Several things become obvious and some of them are addressing the painful subject that I am an absolute beginner and made corresponding mistakes. First was the return home altitude. This specification can be made in the menu and should be adapted according the environment. It was set for 50 meters which normally is a good choice, even with some trees. Here it might have hampered a safe return. Altitude is relative to ground level, so 50 meters means 50 meters either above launch site altitude or ground level when pushing the return home button (I’m not sure actually). Both alternatives where bad choices because the cliffs seemed to exceed this height. This means the aircraft came down and suddenly had to climb when coming close to the rock walls. This leads to the second beginner mistake. The camera sensors that prevent collision were starting to malfunction due to low light.

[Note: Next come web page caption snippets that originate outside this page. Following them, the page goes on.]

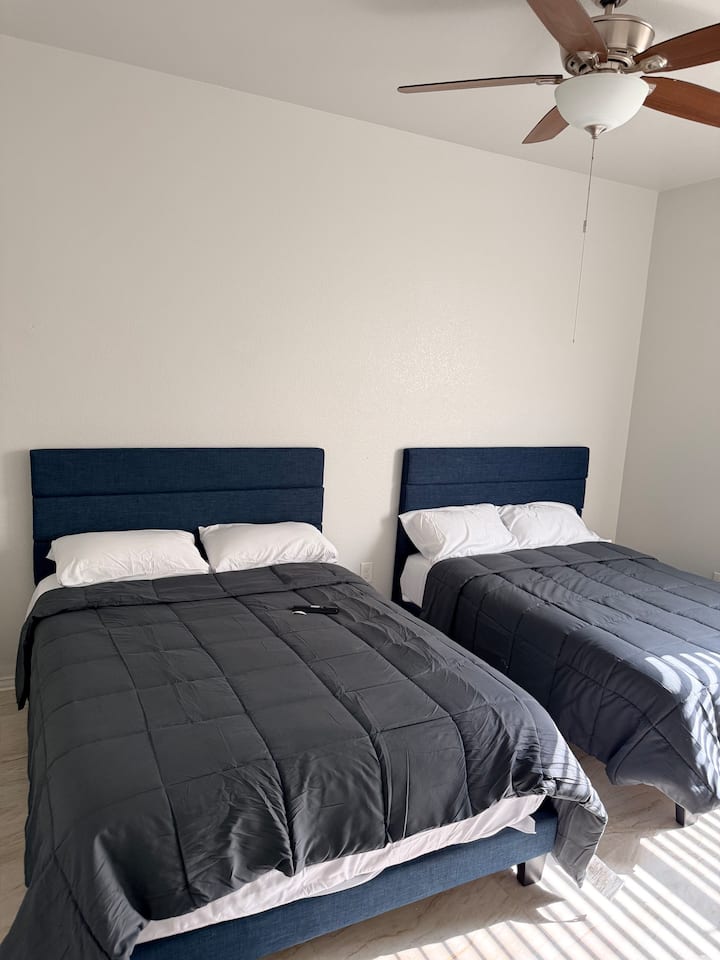 Chambre 2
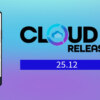 Synchronoss Cloud Release 25.12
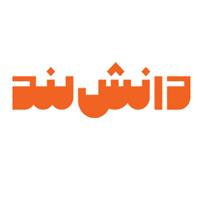 لوگوی بانک کتاب دانش لند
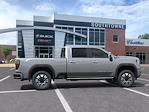 2024 GMC Sierra 2500 Crew Cab 4WD, Pickup for sale #2D40579 - photo 29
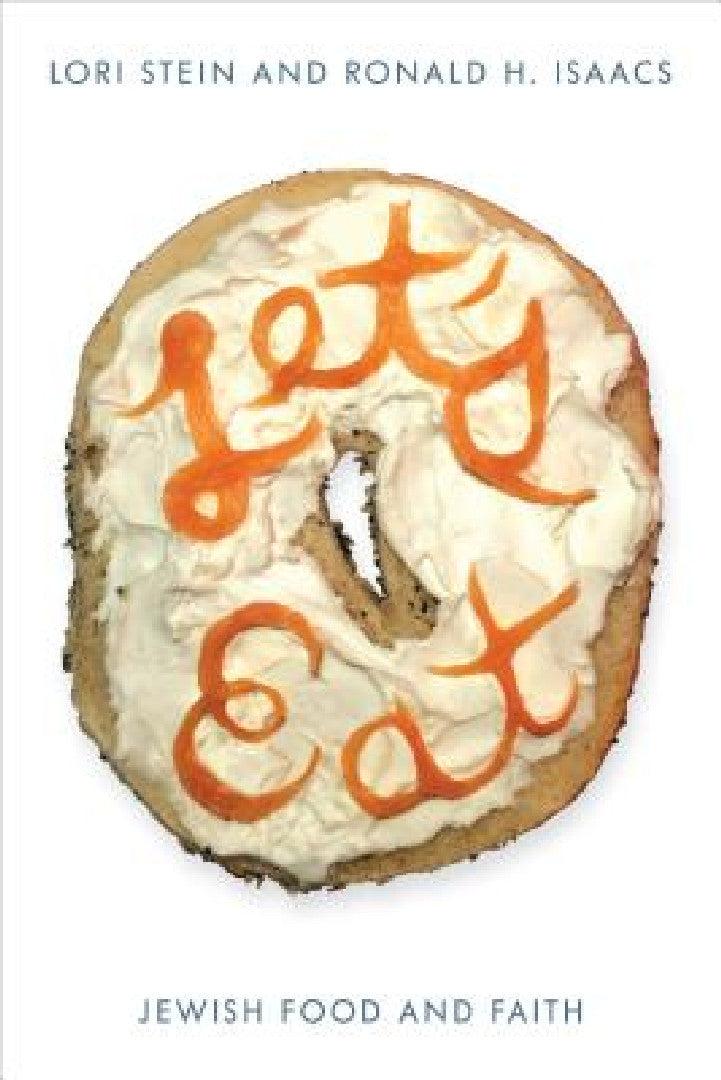 Let's Eat (English, Lori Stein | Ronald H. Isaacs)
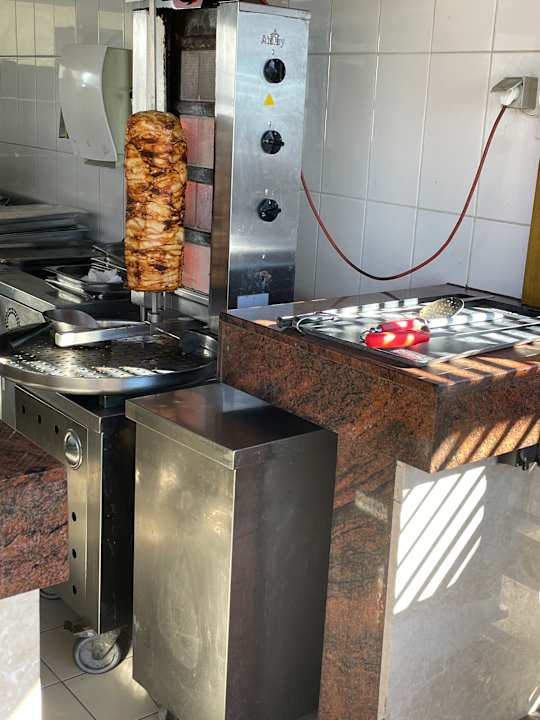 Gastro Sentido Trendy Verbena Beach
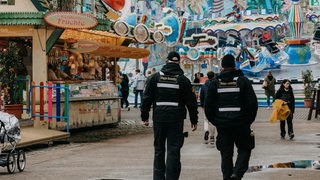 Fotos von der Osterwiese Bremen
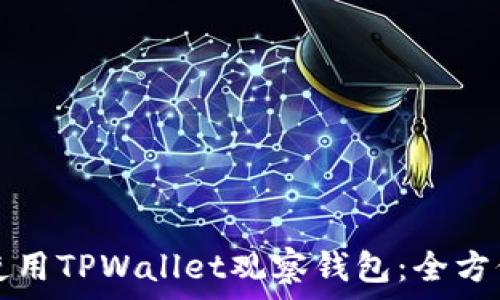 如何使用TPWallet观察钱包:全方位指南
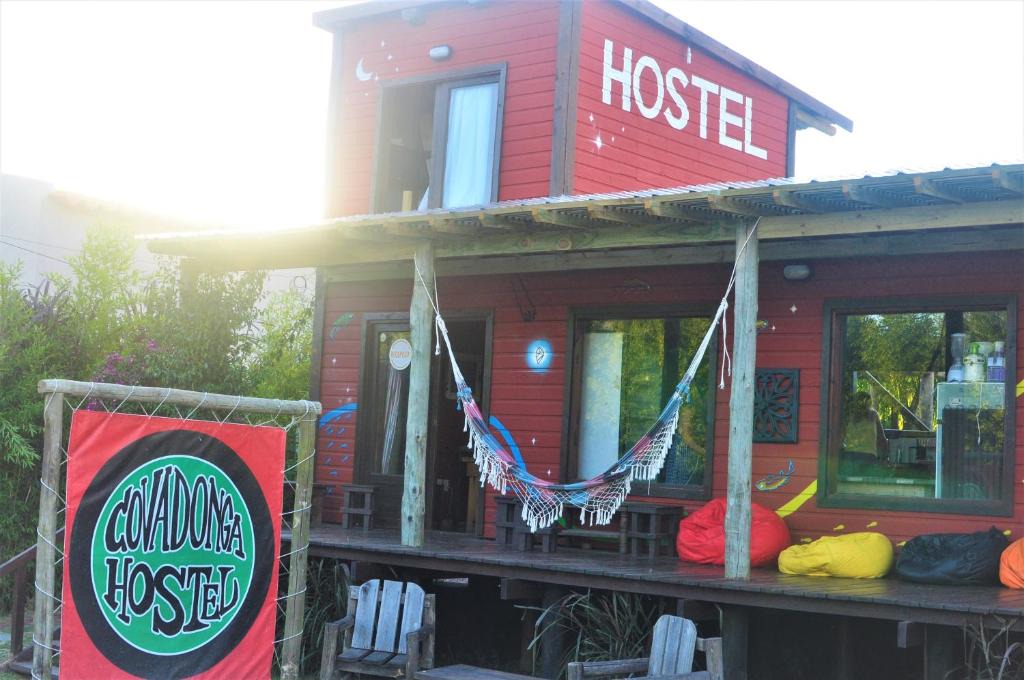 La Pedrera Hostel | Hostel Covadonga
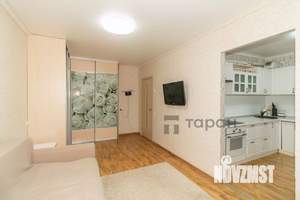 1-к квартира, вторичка, 32м2, 5/10 этаж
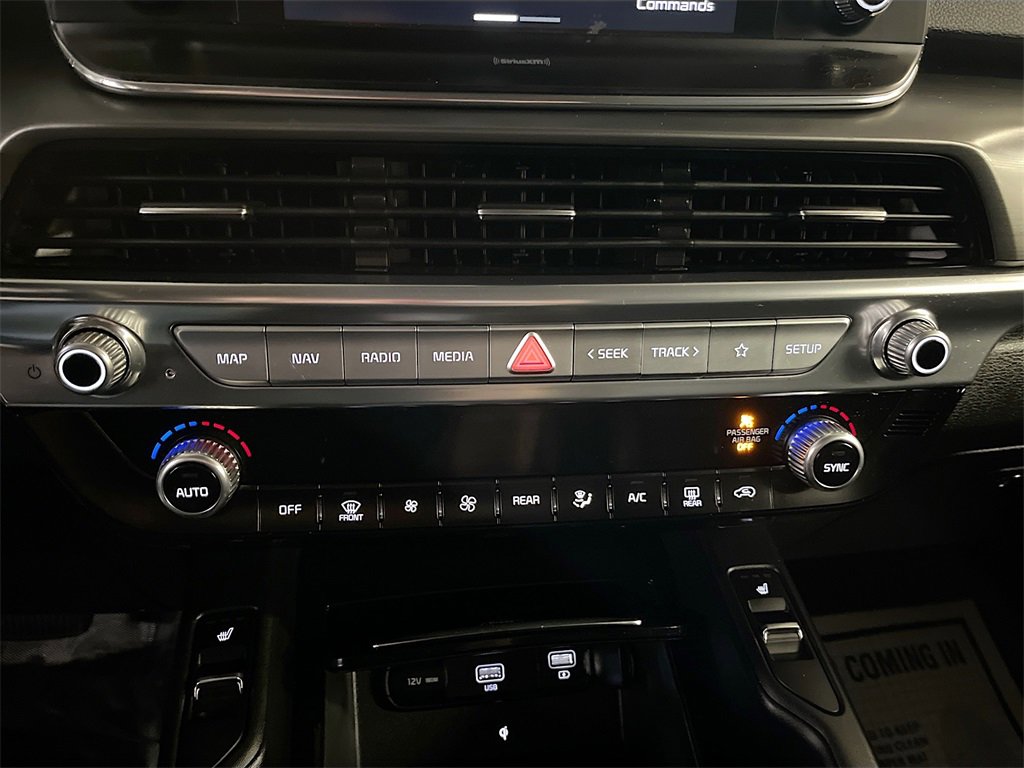 Used 2022 Kia Telluride S image 15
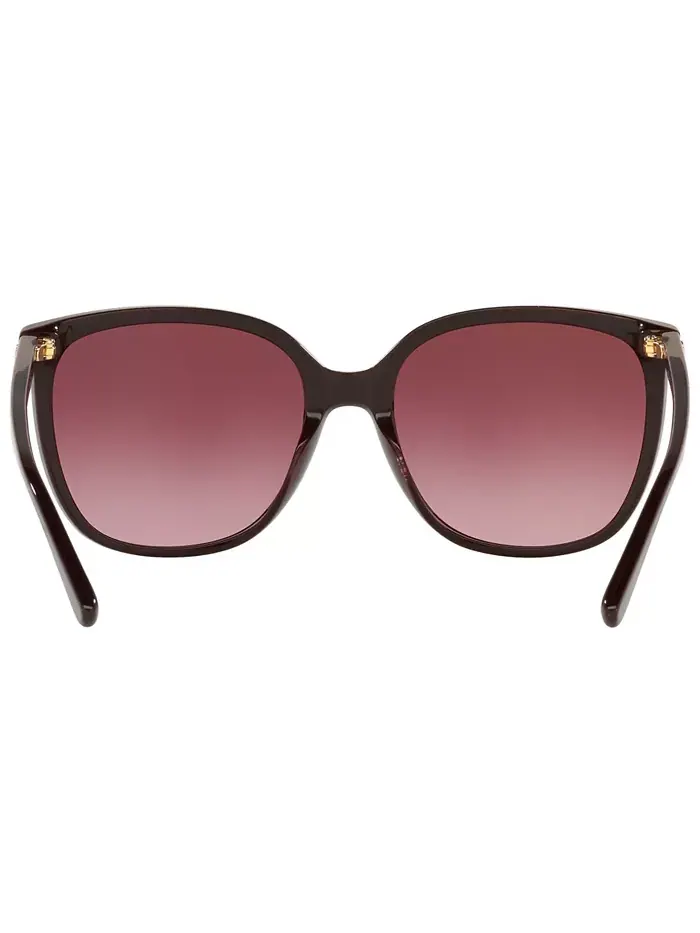 Женские солнцезащитные очки Anaheim, MK2137 Michael Kors — изображение 5 из 6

I was flying at dusk and planned to return much earlier. Some of the extra loops the drone was flying may have been induced by collision sensors not working perfectly in the approaching dusk.
But the fundamental question remains: Why were coordination and communication so error-prone? The message that something is wrong with the magnetic compass incubated a line of thought in my brain: Could it be that the very reason for our northern lights show is at the same time responsible for the malfunction of the drone? It certainly makes sense from my layman’s position. To clarify this I approached the experts at the German Research Centre for Geosciences (GFZ). They largely confirmed what I was thinking:
“Magnetic compasses rely on stable geomagnetic conditions in order to correctly determine where north is”, says Claudia Stolle, section head for geomagnetism at GFZ. “However, most drones are equipped with a GPS system which are satellite based and do not rely on magnetic orientation. Yet even GPS system can be affected by solar winds: Variations in the upper atmosphere and the ionosphere disrupt signal transmission via GPS.” The Kp index measures irregularities in the magnetic field of the earth, but since they are largely caused by the solar winds the index is also a reliable indicator for those winds and hence the possible malfunction of GPS systems. A Kp value of 1 to 3 is considered trouble-free, but already Kp 4 is critical and experts advocate a strict no-fly policy for Kp 5 or higher. “The risk for the radio connection between copter and control device being disrupted and for unintended manoeuvres is very high”, concludes Stolle.
Well, this puts my adventure into a whole new perspective. Knowing that the Kp index is a three hour averaged estimate the possibility of some short peaks within a Kp 3 window is clearly there. I payed with 45 minutes of panic and anger, luckily I did not pay with a complete loss in the end. There is a lot to learn out there and I hope you found some bits of info in here valuable. Feel cordially invited to add your own experiences here and to provide some more info that might help beginners and pros alike.